Pi was initially taken by Richard Parker when he shows up at the zoo.  He imagines that he sees some intelligence in his eyes and tries to connect with him.  Pi's father disagrees and asserts that Pi is merely seeing the reflection of his own soul in the eyes of the tiger.  Being stuck on a lifeboat with a tiger and a bunch of crackers let's Pi test his father's theory and discover how we mirror each other - as humans and as animals - as we engage with each other and, in the process, discover who it is that we are.

As harrowing as this story is - and it is harrowing, and here I offer a spoiler alert, it is not nearly as harrowing as the alternate plot.  Pi reveals this alternate to a writer who has come to hear his tale at the urging of Pi's Uncle.  After telling of surviving with Richard Parker, and Richard Parker disappearing into the Mexican jungle without so much as a look backwards, Pi tells the alternate version - that he was not on a lifeboat with animals at all, but with a sailor, the surly and subhuman cook from the freighter and his mother - oh, and a rat.  The sailor, like the zebra, had a broken leg.  The cook, after eating the rat, killed the sailor, in part to use his meat as bait - and perhaps to dine on him - and then kills Pi's mother in rage when she slaps him for his barbarian behavior.  Pi, a vegetarian pacifist, is horrified and angry.  When the cook leaves the knife that he used to kill the sailor unguarded, Pi murders him, unleashing a part of himself, portrayed by Richard Parker in the first version of the story; a wild, unbridled part that he is absolutely terrified by, but that also gives him the will to survive on the open sea as he struggles with and tries to protect and save himself - a person who is more complicated and dangerous than he ever had any idea.

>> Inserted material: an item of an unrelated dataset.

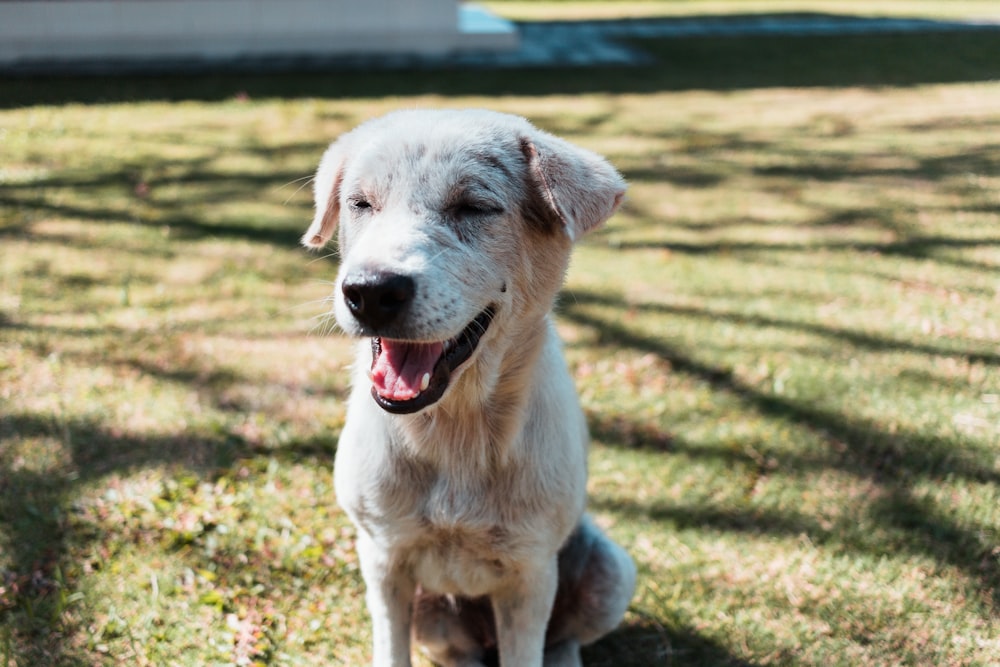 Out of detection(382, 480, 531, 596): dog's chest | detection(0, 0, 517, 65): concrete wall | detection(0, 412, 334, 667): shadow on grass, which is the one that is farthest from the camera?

The book and now the movie are brilliantly done.  The images in the movie powerfully bring to life a representation of the inner world that is rarely attempted on screen.  And it does so by persuasively telling the story of a boy surviving on a lifeboat - and the raft that he makes of life-preservers that he makes to float alongside the lifeboat - with a tiger - for over 200 days.  The boy must learn, in very tight quarters, to master the tiger.  To create separate spaces; his raft, but also places that he pees around on the boat; to kill fish (despite his abhorrence of killing); to leave an island they discover that would house them indefinitely, but that would also consume him; to wrestle with this animal and to care for it - despite his fear of it and his anger at all that it has destroyed.

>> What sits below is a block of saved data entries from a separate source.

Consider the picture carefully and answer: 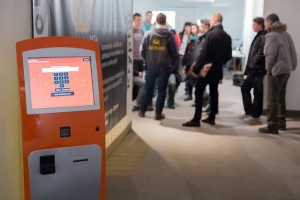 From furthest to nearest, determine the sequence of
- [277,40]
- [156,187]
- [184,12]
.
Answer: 1. [184,12]
2. [277,40]
3. [156,187]

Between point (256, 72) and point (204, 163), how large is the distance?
2.28 meters

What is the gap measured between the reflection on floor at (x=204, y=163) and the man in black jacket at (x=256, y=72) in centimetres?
26

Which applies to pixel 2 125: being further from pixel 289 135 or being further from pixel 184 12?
pixel 184 12

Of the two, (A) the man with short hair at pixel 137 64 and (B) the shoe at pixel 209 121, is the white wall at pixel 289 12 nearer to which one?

The book and movie work on this level.  My struggles with Mack, while not as dramatic, mirror Pi's struggles with Richard Parker.  When Mack, who initially was friendly and more or less willing to go along with the program, first objected to a command, took a nip at me, and then growled and barked, I was both scared, but also angry and ready to assert myself; to become, in the current vernacular, the alpha dog.  I think that, when I do that in the rest of my life, I do it in such a cleverly hidden way that I can delude myself into thinking that I am not being aggressive.  I can, for instance, ask my son if he wants to take out the trash when what I am really saying is, "Take out the trash."  But with Mack, when he jumps on my bed and starts pulling at the covers with his teeth, my grabbing him in an instant by the scruff of the neck, lifting him into the air, then dropping him to the floor and forcing his neck to the ground to show him who is boss, all while saying quite firmly (bystanders might say shouting) "No, bad dog," there is no hiding my own aggression, my assertion, my commanding the situation.  For Pi, this is magnified, both by the contrast with his consistent, deeply held pacifism, and by the extreme aggression with which he has to engage a tiger - not to mention the fear that he will become his next meal.

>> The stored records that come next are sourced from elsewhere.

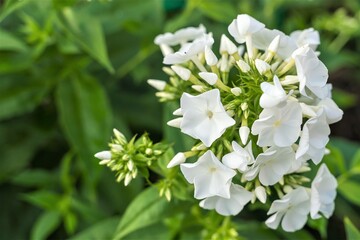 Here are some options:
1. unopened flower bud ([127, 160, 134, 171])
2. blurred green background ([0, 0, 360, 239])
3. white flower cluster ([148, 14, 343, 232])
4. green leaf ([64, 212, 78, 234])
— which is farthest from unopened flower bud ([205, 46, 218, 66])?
green leaf ([64, 212, 78, 234])

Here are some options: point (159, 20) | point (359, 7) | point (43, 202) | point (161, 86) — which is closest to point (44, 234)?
point (43, 202)

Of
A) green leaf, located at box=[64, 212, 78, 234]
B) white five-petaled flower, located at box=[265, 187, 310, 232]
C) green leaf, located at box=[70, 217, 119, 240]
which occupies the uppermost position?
white five-petaled flower, located at box=[265, 187, 310, 232]

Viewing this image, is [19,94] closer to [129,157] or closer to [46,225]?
[46,225]

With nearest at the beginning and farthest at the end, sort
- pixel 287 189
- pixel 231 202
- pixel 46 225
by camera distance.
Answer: pixel 231 202 → pixel 287 189 → pixel 46 225

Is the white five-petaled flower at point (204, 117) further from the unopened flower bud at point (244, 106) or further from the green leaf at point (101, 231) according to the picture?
the green leaf at point (101, 231)

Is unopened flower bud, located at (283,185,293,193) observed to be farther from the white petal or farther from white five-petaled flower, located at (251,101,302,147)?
the white petal

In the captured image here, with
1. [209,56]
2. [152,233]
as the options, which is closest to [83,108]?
[152,233]

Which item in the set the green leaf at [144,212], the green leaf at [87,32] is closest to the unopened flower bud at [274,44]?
the green leaf at [144,212] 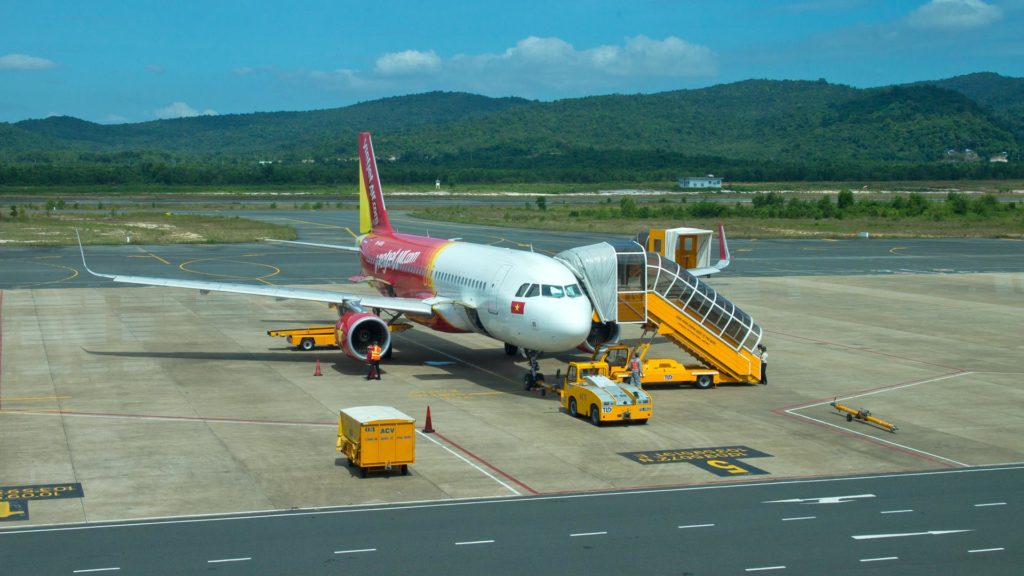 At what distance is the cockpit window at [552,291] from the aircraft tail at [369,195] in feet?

I can return my Richard Parker to the pound.  The thieves have been caught, and, for now, there is no imminent threat.  Pi could, theoretically, kill Richard Parker, until we remember the other version of the story.  The only way to kill Richard Parker is to kill himself - an act of violence that will require Richard Parker's cooperation - meaning he will need to engage his own violence to bring about his death, but he is working to tame - to limit - to humanize - the very primitive force that he would need to kill himself.  And the convolutions in that last sentence illustrate the wonderful thing about this narrative device:  Yann Martel, the author of the book, and Ang Lee, the director of the movie, have figured out how to portray internal, psychological struggles, struggles that are ineffable and difficult to witness, even or especially from the inside, in vivid, concrete fashion.  Because it is through our engagement with the world, whether talking with our friends (or analyst), training a dog (or a tiger), or surviving in an open craft in the Pacific, that our unconscious selves emerge, guiding the (somewhat) conscious actions of engaging with, battling, anticipating and parrying to maintain our physical and/or psychological well being.  And thus the story of Richard Parker brings to life what would otherwise be a dramatic but invisible story, one that we would not be able to follow - the struggles between a man's conscience and his knowledge of the actions he engaged in when enraged as he is swept across the ocean by wind and waves.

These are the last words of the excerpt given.